● **TASK GOAL**
Among the records, which lines hold the word "with"? Pick them out.

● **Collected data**
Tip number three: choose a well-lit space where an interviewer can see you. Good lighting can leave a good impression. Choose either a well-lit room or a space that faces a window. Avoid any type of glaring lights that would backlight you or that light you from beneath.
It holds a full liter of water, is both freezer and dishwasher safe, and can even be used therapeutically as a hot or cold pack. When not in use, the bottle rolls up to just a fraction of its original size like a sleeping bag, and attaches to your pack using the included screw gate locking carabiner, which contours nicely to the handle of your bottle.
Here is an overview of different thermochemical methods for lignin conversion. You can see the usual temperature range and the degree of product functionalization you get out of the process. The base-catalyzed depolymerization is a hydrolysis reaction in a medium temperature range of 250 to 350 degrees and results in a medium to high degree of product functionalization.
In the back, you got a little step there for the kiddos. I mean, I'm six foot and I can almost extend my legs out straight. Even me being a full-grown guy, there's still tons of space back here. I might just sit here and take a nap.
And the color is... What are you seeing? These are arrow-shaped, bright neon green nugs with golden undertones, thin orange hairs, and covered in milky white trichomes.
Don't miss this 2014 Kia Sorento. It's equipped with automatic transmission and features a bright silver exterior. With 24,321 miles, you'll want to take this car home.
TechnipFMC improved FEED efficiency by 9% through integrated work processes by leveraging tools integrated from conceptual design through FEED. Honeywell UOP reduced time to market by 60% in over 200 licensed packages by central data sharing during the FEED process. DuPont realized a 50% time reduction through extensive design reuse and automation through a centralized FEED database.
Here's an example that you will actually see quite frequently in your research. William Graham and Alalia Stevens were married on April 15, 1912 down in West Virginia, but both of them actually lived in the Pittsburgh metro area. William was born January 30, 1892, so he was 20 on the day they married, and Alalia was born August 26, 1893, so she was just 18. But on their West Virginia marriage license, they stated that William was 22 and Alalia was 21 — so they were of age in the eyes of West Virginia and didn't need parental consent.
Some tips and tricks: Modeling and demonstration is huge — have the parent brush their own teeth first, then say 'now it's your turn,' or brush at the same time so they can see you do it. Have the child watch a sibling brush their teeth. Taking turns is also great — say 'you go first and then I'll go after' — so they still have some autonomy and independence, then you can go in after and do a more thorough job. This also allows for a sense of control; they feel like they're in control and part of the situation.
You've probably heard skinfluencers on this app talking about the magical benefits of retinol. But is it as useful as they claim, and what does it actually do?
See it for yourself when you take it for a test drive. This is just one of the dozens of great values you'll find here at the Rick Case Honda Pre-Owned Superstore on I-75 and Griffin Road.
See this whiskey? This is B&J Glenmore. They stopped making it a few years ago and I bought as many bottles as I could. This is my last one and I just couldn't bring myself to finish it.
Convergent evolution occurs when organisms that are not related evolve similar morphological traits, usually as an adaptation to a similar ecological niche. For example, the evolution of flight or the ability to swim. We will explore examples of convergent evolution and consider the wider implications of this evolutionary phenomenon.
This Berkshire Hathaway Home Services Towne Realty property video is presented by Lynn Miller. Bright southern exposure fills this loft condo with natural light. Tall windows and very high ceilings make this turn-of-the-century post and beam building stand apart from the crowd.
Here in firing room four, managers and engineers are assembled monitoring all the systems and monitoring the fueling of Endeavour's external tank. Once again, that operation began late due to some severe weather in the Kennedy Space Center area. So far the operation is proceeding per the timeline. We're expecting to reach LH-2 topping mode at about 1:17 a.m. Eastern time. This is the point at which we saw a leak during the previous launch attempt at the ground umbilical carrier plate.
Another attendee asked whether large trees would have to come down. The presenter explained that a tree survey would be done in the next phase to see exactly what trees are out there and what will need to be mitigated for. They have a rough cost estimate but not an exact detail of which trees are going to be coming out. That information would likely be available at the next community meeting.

● **RESPONSE**
And the color is... What are you seeing? These are arrow-shaped, bright neon green nugs with golden undertones, thin orange hairs, and covered in milky white trichomes.
Don't miss this 2014 Kia Sorento. It's equipped with automatic transmission and features a bright silver exterior. With 24,321 miles, you'll want to take this car home.
This Berkshire Hathaway Home Services Towne Realty property video is presented by Lynn Miller. Bright southern exposure fills this loft condo with natural light. Tall windows and very high ceilings make this turn-of-the-century post and beam building stand apart from the crowd.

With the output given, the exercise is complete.